Broken immune pathway could cause inflammatory diseases

Wednesday, 07 February, 2018

Broken immune pathway could cause inflammatory diseases

Scientists at the Walter and Eliza Hall Institute (WEHI) have linked inflammatory diseases to faults in a critical immune pathway that enables inflammation to continue unchecked. The pathway in question is the NOD2 pathway, which detects and responds to bacterial invaders by releasing inflammatory signals to fight the infection.

Inflammatory diseases such as multiple sclerosis, Crohn’s disease (an inflammatory bowel disease) and inflammatory skin diseases have been linked to faults in how the NOD2 pathway is regulated. According to WEHI’s Dr Ueli Nachbur, such faults could enable our immune cells to continue to cause inflammation long after the bacterial threat has passed, leading to chronic inflammatory diseases.

“Inflammation occurs when our immune cells release inflammatory messengers, or cytokines, which is a normal response to disease,” Dr Nachbur said. “However, when too many cytokines are produced, inflammation can get out of control and damage our own body — a hallmark of inflammatory diseases.”

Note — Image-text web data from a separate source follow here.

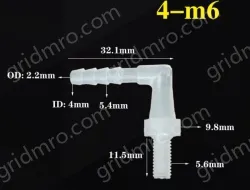 4-M6-M thread right angle elbow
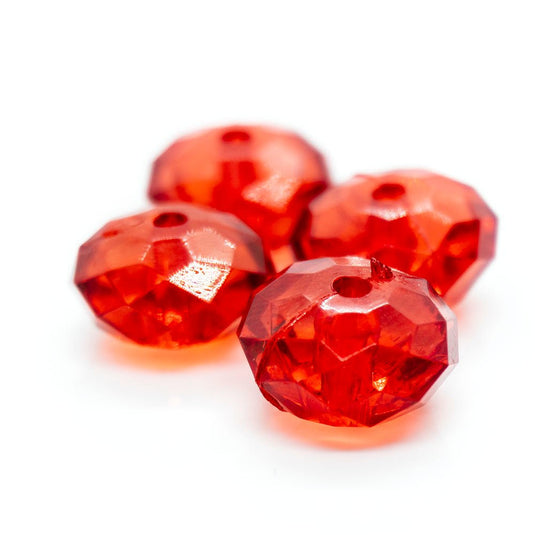 Acrylic Faceted Rondelle 12mm x 7mm Red - Affordable Jewellery Supplies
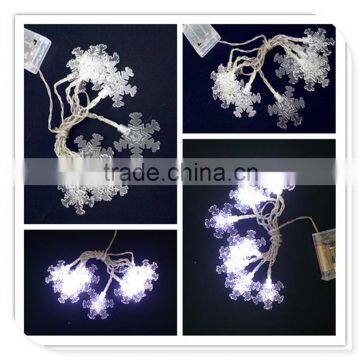 fancy led white battery snowflake christmas lights decor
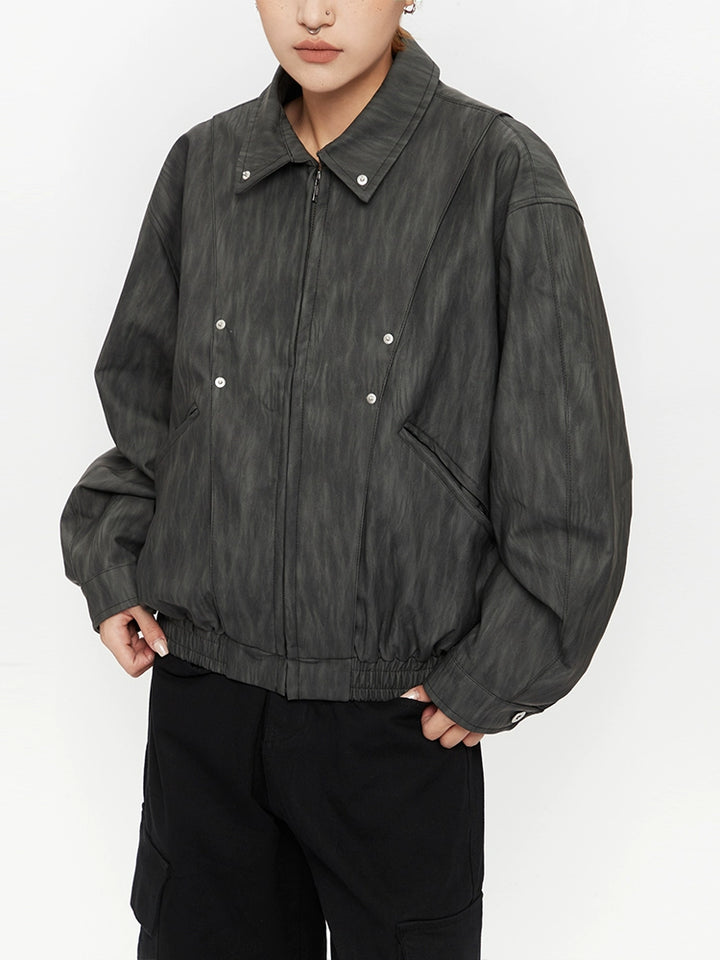 PU Leather Loose Cargo Jacket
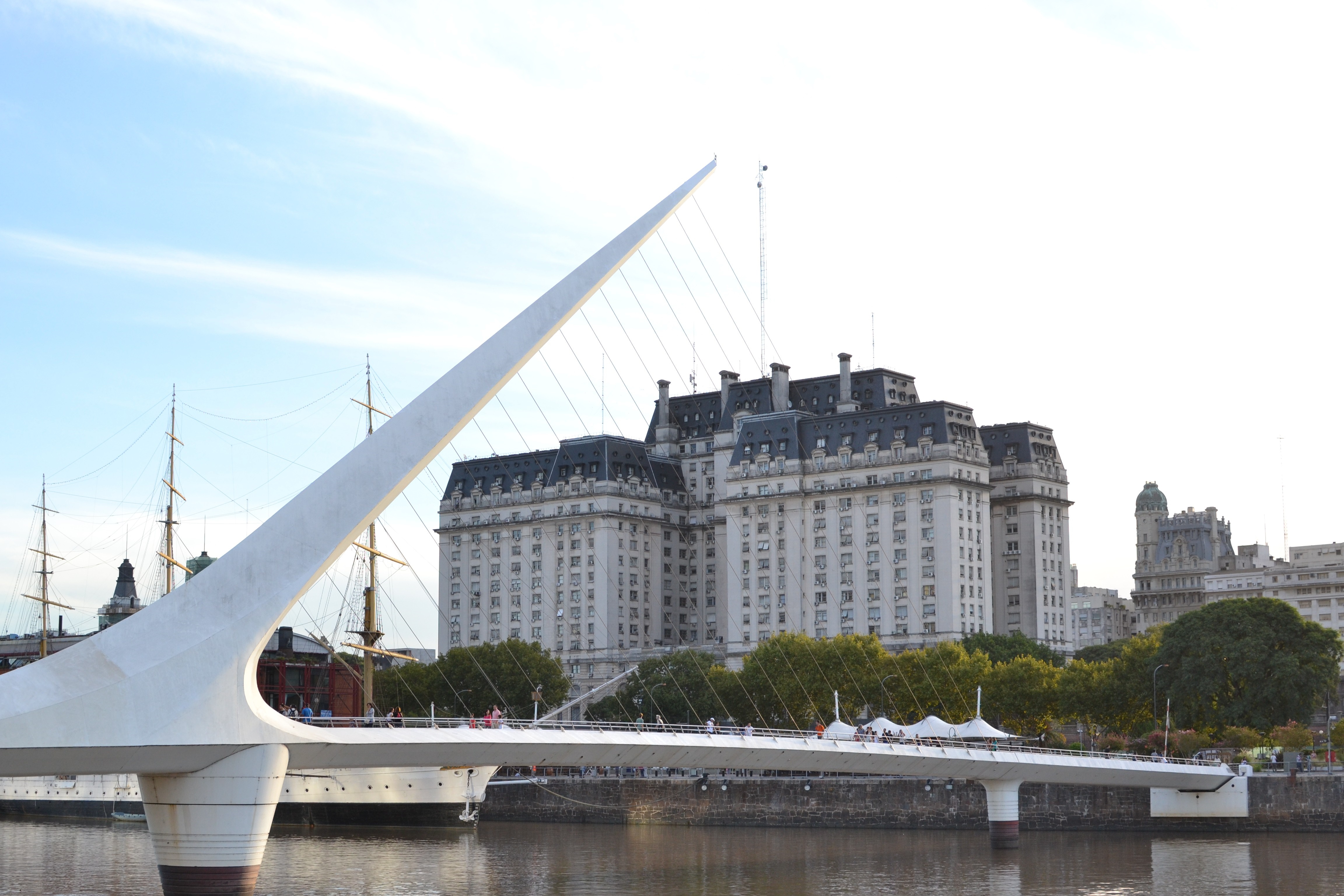 Puente de la Mujer bridge and buildings in Puerto Madero HD Wallpaper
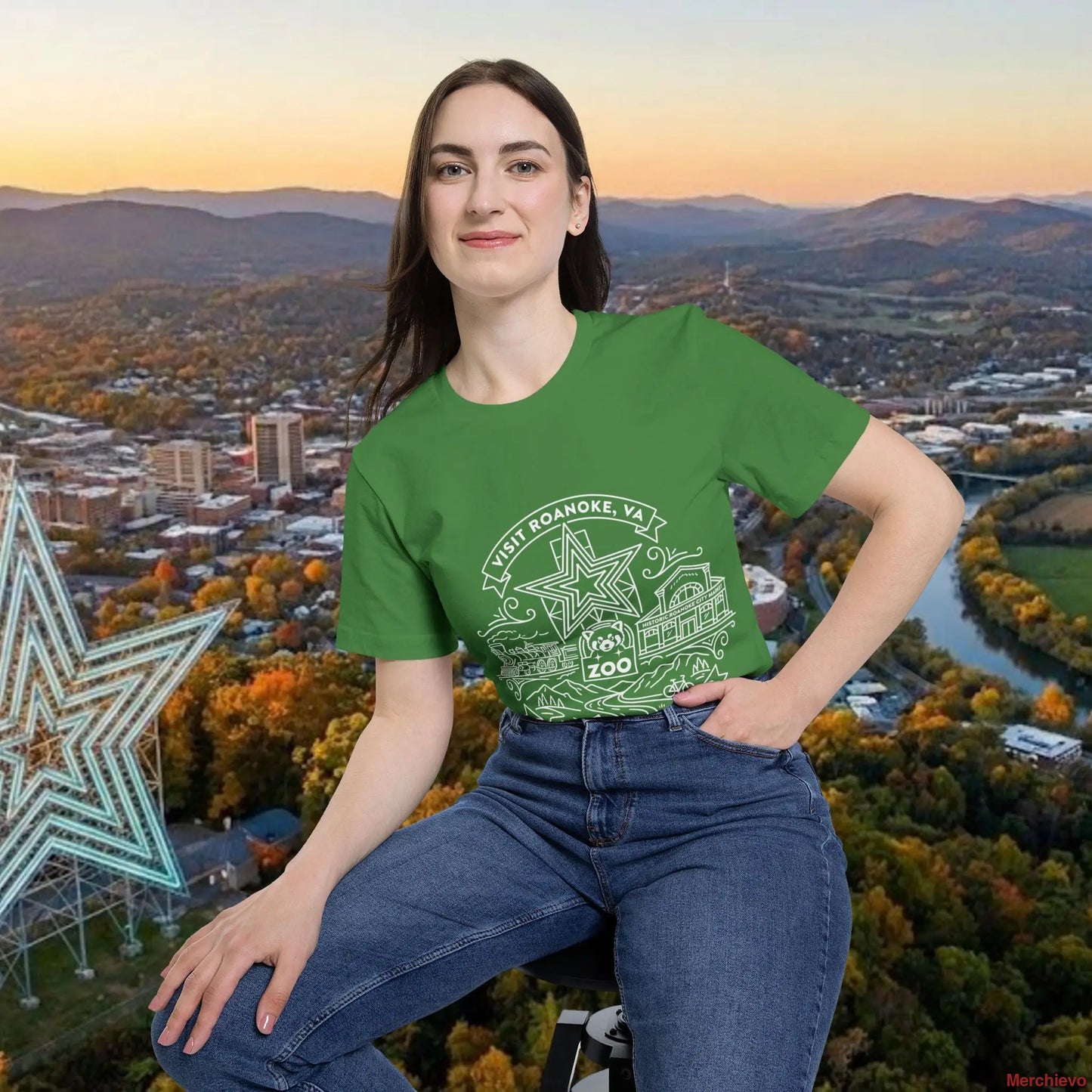 Roanoke Valley ’Star City’ T-Shirt | Retro Virginia Travel Souvenir Tee T-Shirt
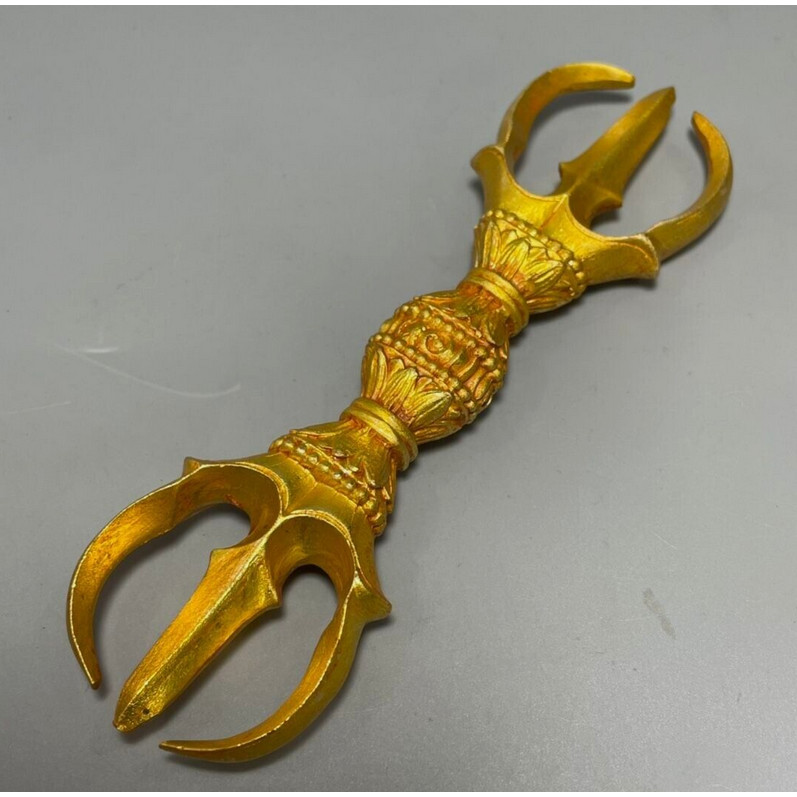 old Tibetan temple bronze gilt Vajra Dorje Phurpa statue Exorcism amulet Pendant
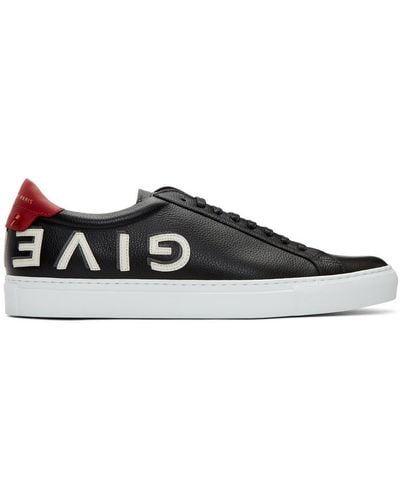 Givenchy Black Reverse Logo Urban Street Sneakers - Red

Dr Nachbur and his colleagues, including Che Stafford and Professor John Silke, showed that a protein called xIAP is the ‘master controller’ that initiates inflammation in immune cells via the NOD2 pathway. Their findings have been published in the journal Cell Reports.

“We revealed that xIAP was the key to initiating the inflammatory response in these cells,” said Stafford. “We also showed that, once the NOD2 pathway trigger is initiated, the cells need a second, amplifying step to complete a full-strength immune response.”

Knowing the key players in the entire NOD2 pathway, from initiators to enhancers, would pave the way for new strategies to treat inflammatory diseases, according to Stafford. He noted, “Targeting key components of the NOD2 pathway shows promise as a way of switching off ongoing inflammation associated with diseases such as Crohn’s disease and multiple sclerosis.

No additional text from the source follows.